AIM OF THE EXERCISE: Could you copy exactly the lines below from the one with "916 S Reynolds Street Alice TX 78332" to the one with "Poco X7 Pro", inclusive, leaving out any pictures?

SUPPLIED MATERIAL:
○ ○ ○ ○

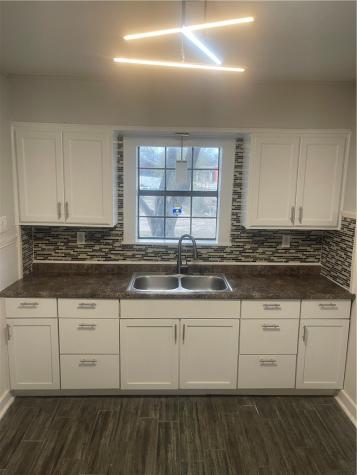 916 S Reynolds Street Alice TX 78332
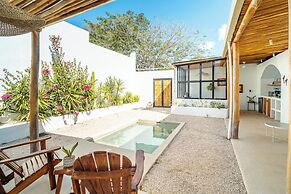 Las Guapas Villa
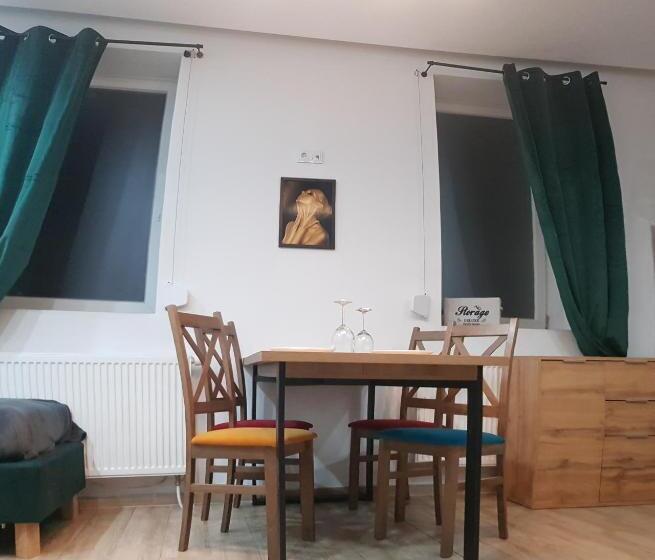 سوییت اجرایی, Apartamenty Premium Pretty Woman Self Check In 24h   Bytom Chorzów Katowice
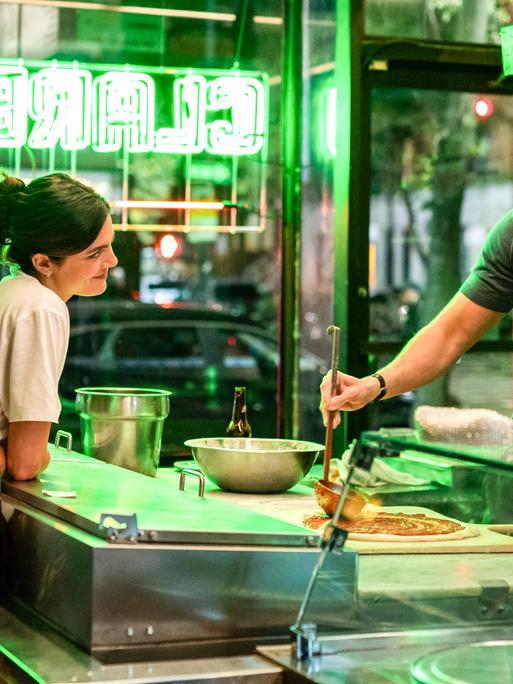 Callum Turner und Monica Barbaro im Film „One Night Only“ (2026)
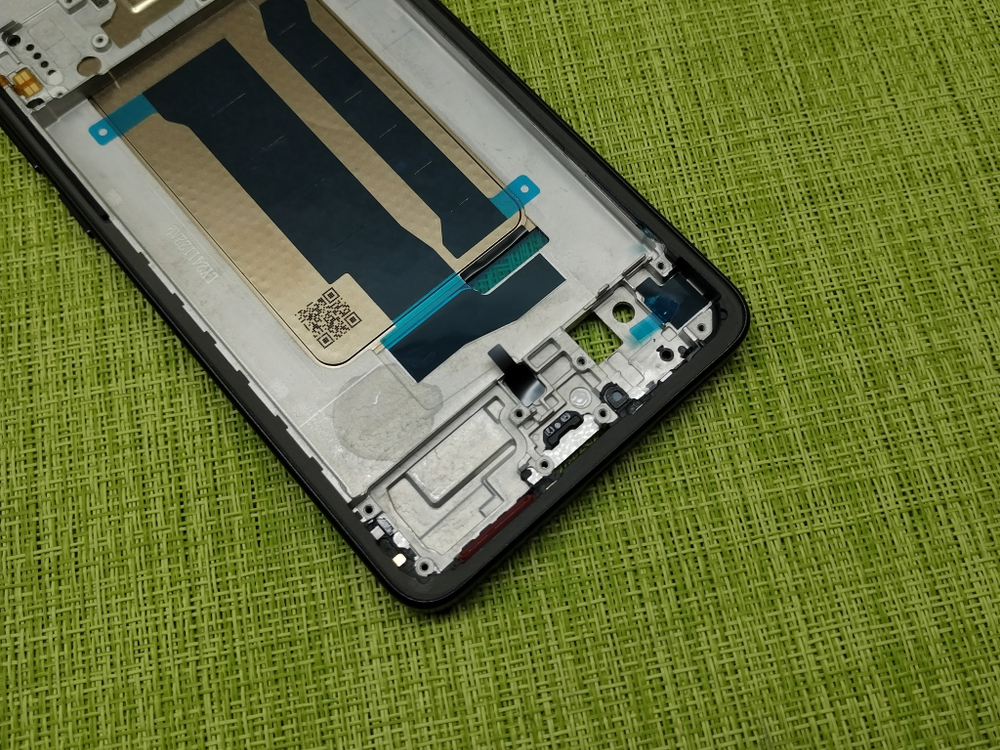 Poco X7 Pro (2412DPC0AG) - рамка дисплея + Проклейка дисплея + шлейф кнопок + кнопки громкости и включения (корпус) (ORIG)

○ ○ ○ ○

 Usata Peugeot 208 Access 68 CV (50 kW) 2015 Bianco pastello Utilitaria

○ ○ ○ ○

REPLY:
 916 S Reynolds Street Alice TX 78332
 Las Guapas Villa
 سوییت اجرایی, Apartamenty Premium Pretty Woman Self Check In 24h   Bytom Chorzów Katowice
 Callum Turner und Monica Barbaro im Film „One Night Only“ (2026)
 Poco X7 Pro (2412DPC0AG) - рамка дисплея + Проклейка дисплея + шлейф кнопок + кнопки громкости и включения (корпус) (ORIG)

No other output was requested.